Cluster sets aren’t bad, but CNS fatigue can be a threat… what’s your goal?


Cluster sets are smaller sets built-in a larger set with rest increments that typically range from 10-30 seconds (see below). Cluster sets involve taking around 90-95% of your 1RM and completing 5 sets of 3-5 repetitions, with 10-15 seconds of inter set rest between each rep. For example, you would complete one rep of the back squat, rest for 15 seconds, and repeat resting 15 seconds between each rep for a total of 5 reps. We want to use this technique mainly with large compound movements such as squats or bench presses, but it is possible to implement clusters with single joint movements such as the prone leg curl (if targeting hypertrophy). As cluster sets can be heavily taxing on the central nervous system (especially if very short rest), I would recommend programming them for no longer than 3 weeks during a strength phase (especially if you are an athlete).

What’s most important when figuring out rest for your cluster sets is gauging your capabilities for moving weight efficiently and safely. For example, if you’re missing reps due to the limited rest, then scale back the weight, or slightly increase your rest interval. When it comes to the rest between sets, it will be similar to what traditional sets look like. Ideally, take the rest you need to get in the work without missing reps, or having to drop intensities. Otherwise, short rest periods between sets mean that we train while CNS fatigue is still present from the preceding set – which is bad in every sense.

High-threshold motor units – the ones best suited for hypertrophy – are best recruited at high training intensities, accompanied by greater motor unit synchronization and greater muscular force. The requisite muscular tension needed for successfully completing a higher-intensity lift sends the message to the brain to bring out the big guns. (As always, we return to the nervous system.) This happens, too, during straight sets, but only as fatigue is reached. Cluster sets allow for motor unit synchronization, high levels of muscular force, and the recruitment of high-threshold motor units without fatigue. Heavier weights for more reps, gives us bigger muscles.

Whether we do a cluster set of 30 seconds or 10s pause, short rest periods increase the risk of training while experiencing CNS fatigue that could affect your next upcoming training at least (that’s why it should be closer to 30s if we do power/strength clusters).
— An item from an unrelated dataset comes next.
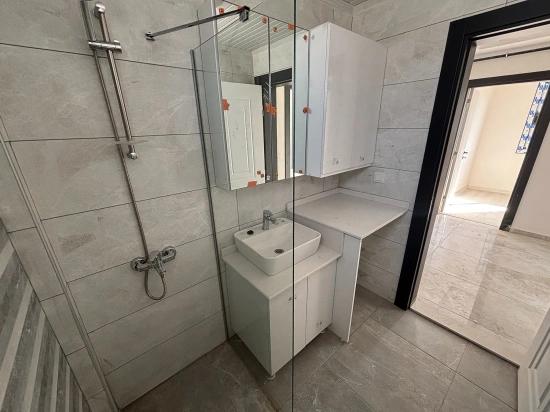 Seferihisar Camikebir’de 2+1 Kapalı Mutfak Çatı Katı Daire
You are potentially not allowing enough time for the higher threshold motor units to recover (after a few sets), and therefore less of a hypertrophy effect at least. But this is individual, some athletes will recover faster. 

Traditionally, strength coaches have associated CNS fatigue with heavy strength training using certain multi-joint exercises (such as deadlifts). However, the research is very clear that CNS fatigue is actually greater after long-duration, low-intensity exercises than after short-duration, high-intensity exercise. One study found that CNS fatigue is greater after isometric contractions with 20% of maximum force than after similar isometric contractions with 80% of maximum force. With cluster sets, if very short rest between cluster reps (especially after doing few reps in a row, in the beginning of the set), we are doing pretty much strength-endurance (high load though), which is still CNS taxing. This method is not bad from the buliding specific endurance standpoint, but that’s for another topic.
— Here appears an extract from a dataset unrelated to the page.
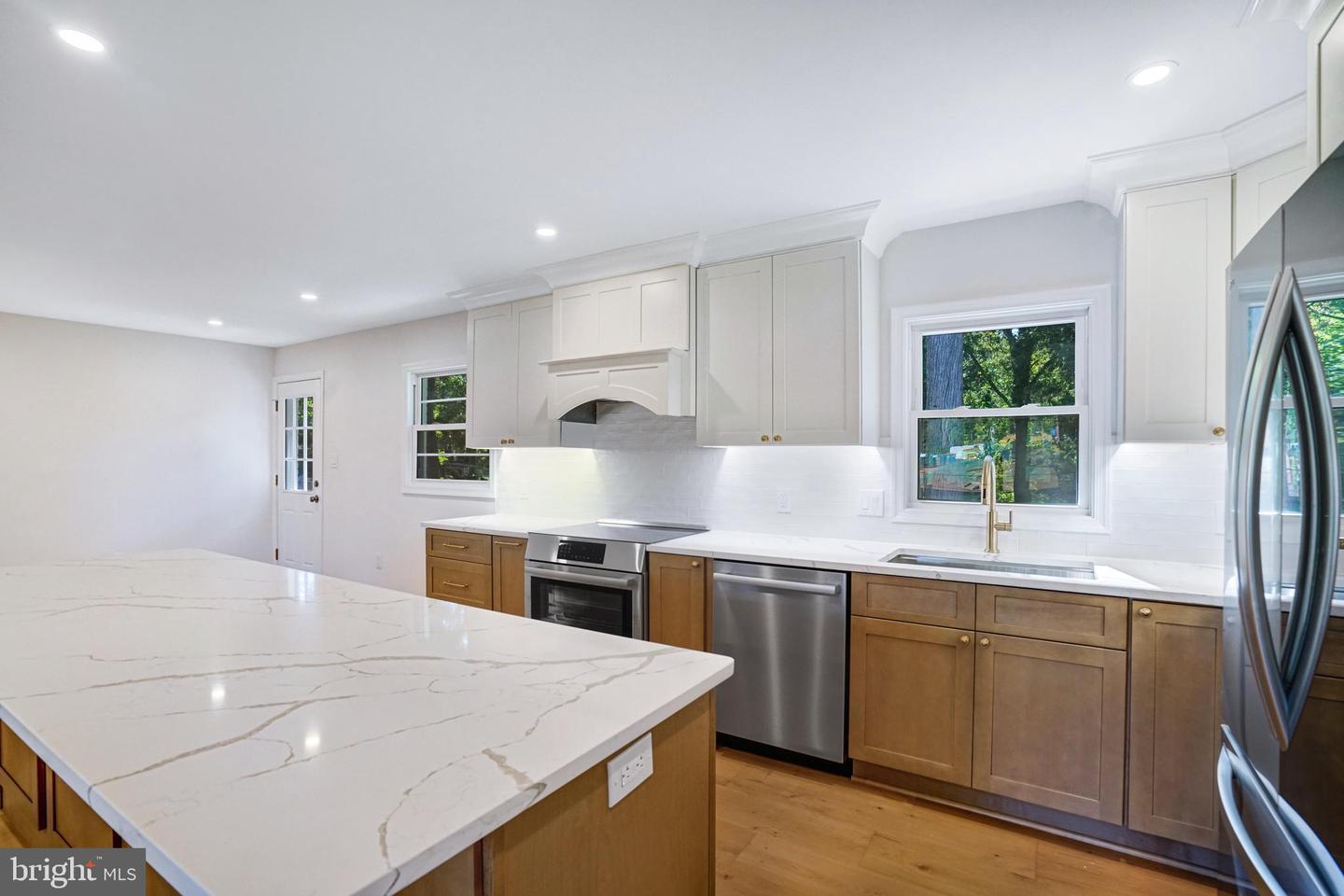 8400 RICHMOND AVE, ALEXANDRIA, Virginia 22309, 4 Bedrooms Bedrooms, ,4 BathroomsBathrooms,Residential,For sale,8400 RICHMOND AVE,VAFX2262998 MLS # VAFX2262998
Most coaches believe that the key advantage of the cluster set over your regular zounds-of-reps sets is all that rest. It keeps you from completely fatiguing your muscles. It also flies in the face of old-school training. Classic muscle-building tells us it’s all about time-under-tension, the amount of time your muscles actually have to be working instead of relaxing. Time-under-tension is important too, but here’s what’s more important: Quality of movement. When you do 15 reps of dumbbell curls or bench presses, but your form begins breaking down, it’s not worthwhile. And if you don’t want your form to break down, you have to use lighter weights. Take a little break every few reps, though, and you get to reset and regain focus, hammering the form of an exercise while still using a heavier load. Quality volume (total load lifted multiplied by total reps, if you’re into the math of it) has always been the critical factor in building strength, power, and mass over time. Cluster sets have shown lower lactic acid accumulation and less neuromuscular fatigue. This means you can use them to pile up much higher volume than you’d get in normal workouts. This all is very true, especially if we are talking about high-rep stuff (if we still want to express high load under significant fatigue).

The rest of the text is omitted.